To add my voice to this, and both your other posts and Archillen's are a hard act to follow, I hate the Spartan IVs because nothing interesting is being done with them precisely because they're former ODSTs who went through a painless augmentation process. They feel like some fanfic author tried to upstage the earlier Spartan programs by combining all of Humanity's cool supersoldier projects and omitting all their drawbacks.
This is spelled out in their introduction in The Thursday War. Adult volunteers are being turned into Spartans because the augmentation process no longer requires puberty. Karen Traviss was clueless as usual and presented it as a moral choice, as ONI repenting of its earlier sins and casting out the evil influence of Dr. Halsey. But if you can apply the augments to adults in the post-war world, there is zero reason to use children. It's not a moral choice because the UNSC is sacrificing nothing by using adults.
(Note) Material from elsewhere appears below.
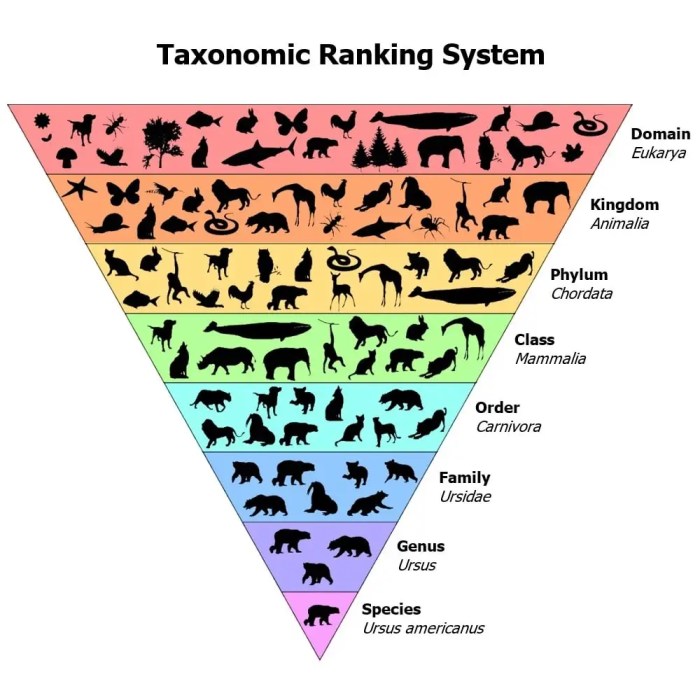 Phylum creating key escience taxonomic table solved experiment answer labs answers llc problem been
The Spartan IIs were made to face a dire threat, but the project director took every step to protect the Spartans. She refused to have them neurologically brainwashed. She tested the augmentation procedure to the best of her clinical and budgetary ability. Every technology she could integrate into MJOLNIR to keep her adoptive children alive was deployed at the earliest opportunity.
The Spartan III program was a dark mirror of the previous generation, a look at what the S-IIs would have been if the project had been run with little regard for the subject's well-being. The need was great, but the S-IIIs were suicide troops. It's likely that little regard was given to their long-term health when the augmentation procedures were applied.
The Spartan IVs have none of this. They don't reflect on the needs and compromises that drove the previous programs, they're just here to kick ass and chew bubblegum.
The fact that the genetic markers are apparently no longer required feels like a cop-out. To me, the genes Halsey looked for never made the Spartans some kind of master race. Didn't even mean that they'd look alike. I just thought that the markers indicated "I am going to have exceptional cognitive abilities and a physiology robust enough to survive radical alterations to my muscular, skeletal, and nervous system." The absence of those markers and puberty should have consequences, because Spartan augmentations are extreme changes to the human body.
Meh. Maybe all the Fours were bit by radioactive spiders.
Getting back to the unprofessionalism of the Spartan IVs, it goes way beyond the casual nature of the ODSTs. We've gone over this again and again and again, but the Spartan IVs are incompetent. Palmer is singularly unfit for command and is a danger to other soldiers when she takes to the battlefield. Miranda Keyes was bad enough, but now they've cloned her and made an entire branch of supersoldiers from her DNA. Watching them in action, it feels like their success is owed more to the ineptitude of their enemies than any tactical ability.
Take care of that and tone down the dudebroity until they resemble Buck's squad, and I'll tolerate the Spartan IVs.